Task requirements:
In the data below, find the line with "Sneakers 4US Paciotti" and output it along with every later line, exactly, but not the pictures.

Data provided:
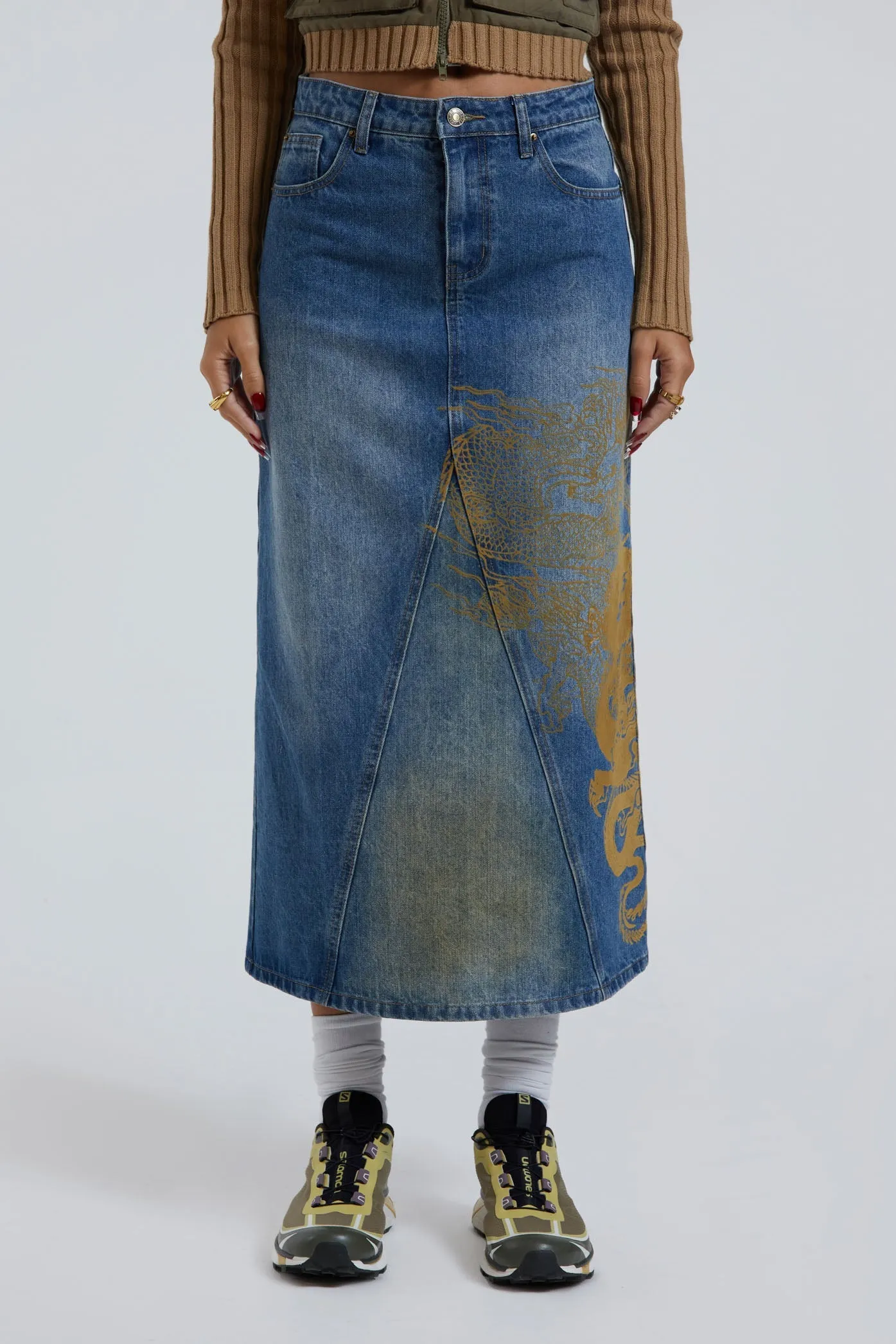 Serpent Denim Slit Maxi Skirt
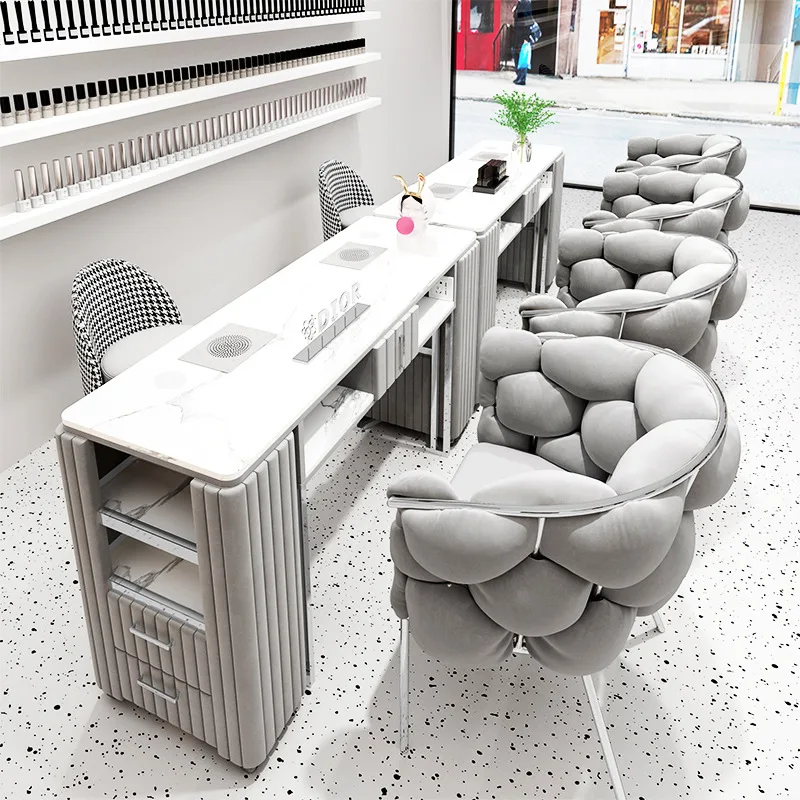 Double Triple Long Seats Manicure Table for Nails with Customized Color for Nail Salon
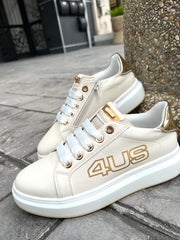 Sneakers 4US Paciotti Donna Bianco-Beige 42706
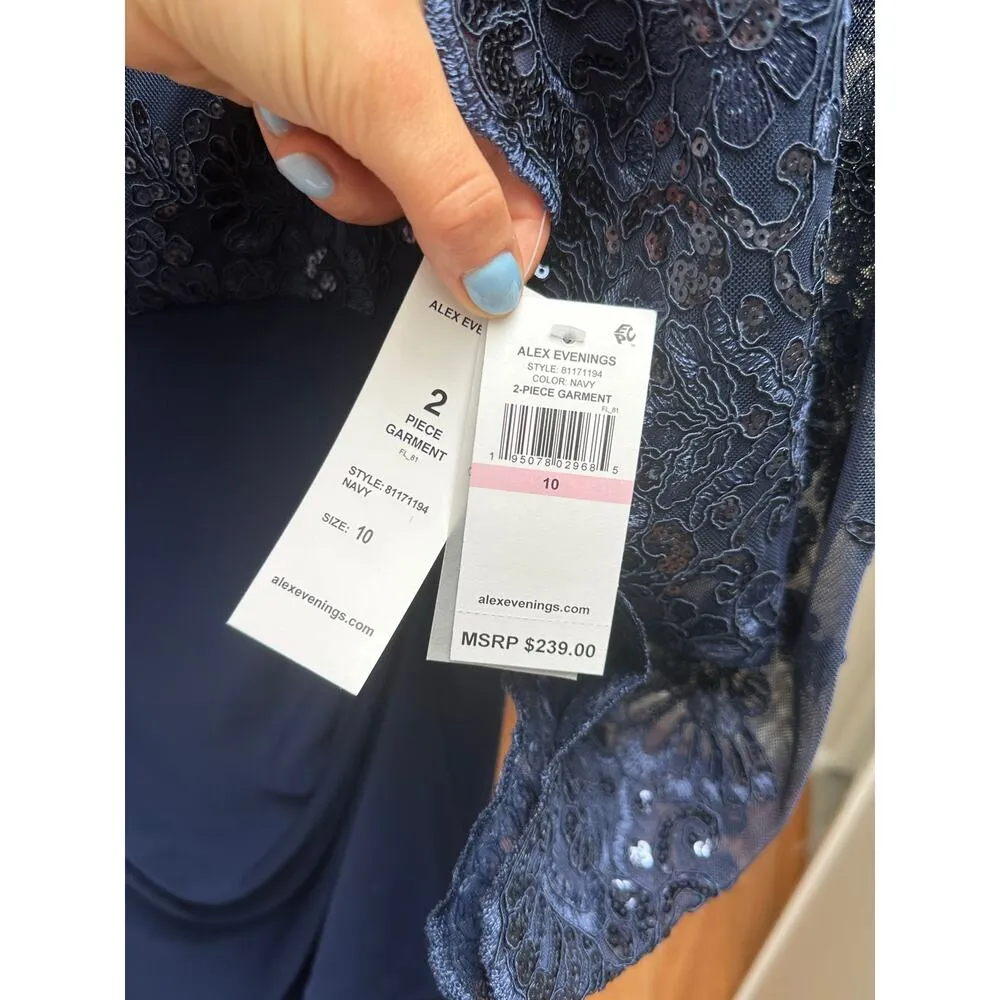 NEW NWT Alex Evenings Maxi Dress with Embroidered Bolero size 10 Navy - Image 7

Result of the exercise:
 Sneakers 4US Paciotti Donna Bianco-Beige 42706
 NEW NWT Alex Evenings Maxi Dress with Embroidered Bolero size 10 Navy - Image 7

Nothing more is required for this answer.